In this case, τ′₀ defines a differential form at the point p as follows. For a curve γ(t) = p_t in M starting at p, we can associate the tangent vector X, as well as a transport map τ_t^γ. Taking the derivative determines a linear map

${\displaystyle X\mapsto \left.{\frac {d}{dt}}\tau _{t}^{\gamma }\right|_{t=0}=\theta (X)\in {\mathfrak {g}}.}$

So θ defines a g-valued differential 1-form on M.

This form, however, is dependent on the choice of parametrized coordinate system. If h : U → H is an H-relation between two parametrized coordinate systems φ and φ′, then the corresponding values of θ are also related by

${\displaystyle \theta _{p}^{\prime }=Ad(h_{p}^{-1})\theta _{p}+h_{p}^{*}\omega _{H},}$

where ω_H is the Maurer-Cartan form of H.

A Cartan geometry modelled on a homogeneous space G/H can be viewed as a deformation of this geometry which allows for the presence of curvature. For example:

• a Riemannian manifold can be seen as a deformation of Euclidean space;
• a Lorentzian manifold can be seen as a deformation of Minkowski space;
• a conformal manifold can be seen as a deformation of the conformal sphere;
• a manifold equipped with an affine connection can be seen as a deformation of an affine space.

There are two main approaches to the definition. In both approaches, M is a smooth manifold of dimension n, H is a Lie group of dimension m, with Lie algebra ${\displaystyle {\mathfrak {h}}}$, and G is a Lie group of dimension n+m, with Lie algebra ${\displaystyle {\mathfrak {g}}}$, containing H as a subgroup.

A Cartan connection consists^[7][8] of a coordinate atlas of open sets U in M, along with a ${\displaystyle {\mathfrak {g}}}$-valued 1-form θ_U defined on each chart such that

1. θ_U : TU → ${\displaystyle {\mathfrak {g}}}$.
2. θ_U mod ${\displaystyle {\mathfrak {h}}}$ : T_uU → ${\displaystyle {\mathfrak {g}}/{\mathfrak {h}}}$ is a linear isomorphism for every u ∈ U.
3. For any pair of charts U and V in the atlas, there is a smooth mapping h : U ∩ V → H such that

${\displaystyle \theta _{V}=Ad(h^{-1})\theta _{U}+h^{*}\omega _{H},\,}$

where ω_H is the Maurer-Cartan form of H.

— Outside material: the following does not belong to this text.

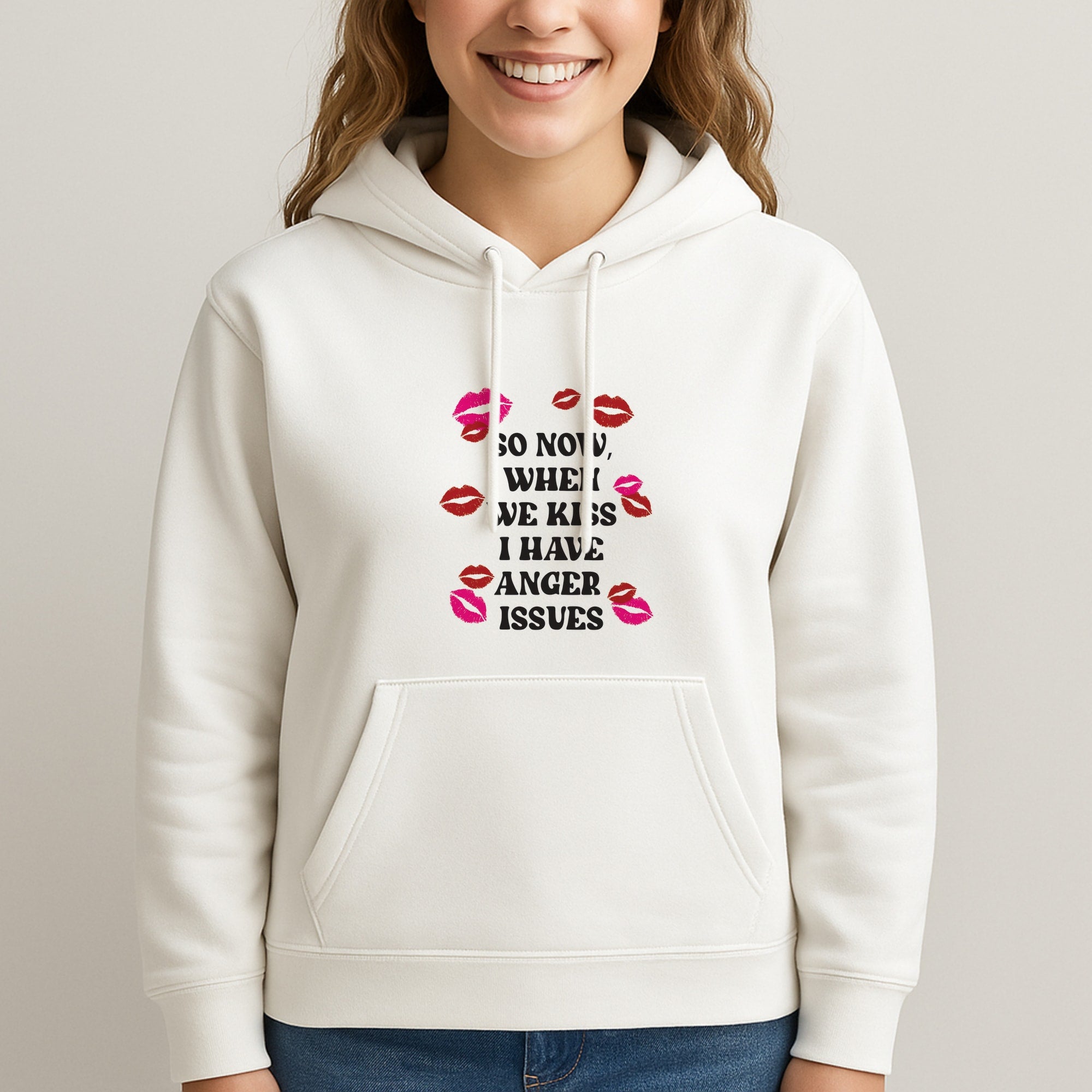 So Now When We Kiss I have Anger Issues - Chappell Unisex Hooded Sweatshirt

By analogy with the case when the θ_U came from coordinate systems, condition 3 means that φ_U is related to φ_V by h.

The curvature of a Cartan connection consists of a system of 2-forms defined on the charts, given by

${\displaystyle \Omega _{U}=d\theta _{U}+{\tfrac {1}{2}}[\theta _{U},\theta _{U}].}$

Ω_U satisfy the compatibility condition:

If the forms θ_U and θ_V are related by a function h : U ∩ V → H, as above, then Ω_V = Ad(h⁻¹) Ω_U

The definition can be made independent of the coordinate systems by forming the quotient space

${\displaystyle P=(\coprod _{U}U\times H)/\sim }$

of the disjoint union over all U in the atlas. The equivalence relation ~ is defined on pairs (x,h₁) ∈ U₁ × H and (x, h₂) ∈ U₂ × H, by

(x,h₁) ~ (x, h₂) if and only if x ∈ U₁ ∩ U₂, θ_U1 is related to θ_U2 by h, and h₂ = h(x)⁻¹ h₁.

Then P is a principal H-bundle on M, and the compatibility condition on the connection forms θ_U implies that they lift to a ${\displaystyle {\mathfrak {g}}}$-valued 1-form η defined on P (see below).

Let P be a principal H bundle over M. Then a Cartan connection^[9] is a ${\displaystyle {\mathfrak {g}}}$-valued 1-form η on P such that

1. for all h in H, Ad(h)R_h^*η = η
2. for all ξ in ${\displaystyle {\mathfrak {h}}}$, η(X_ξ) = ξ
3. for all p in P, the restriction of η defines a linear isomorphism from the tangent space T_pP to ${\displaystyle {\mathfrak {g}}}$.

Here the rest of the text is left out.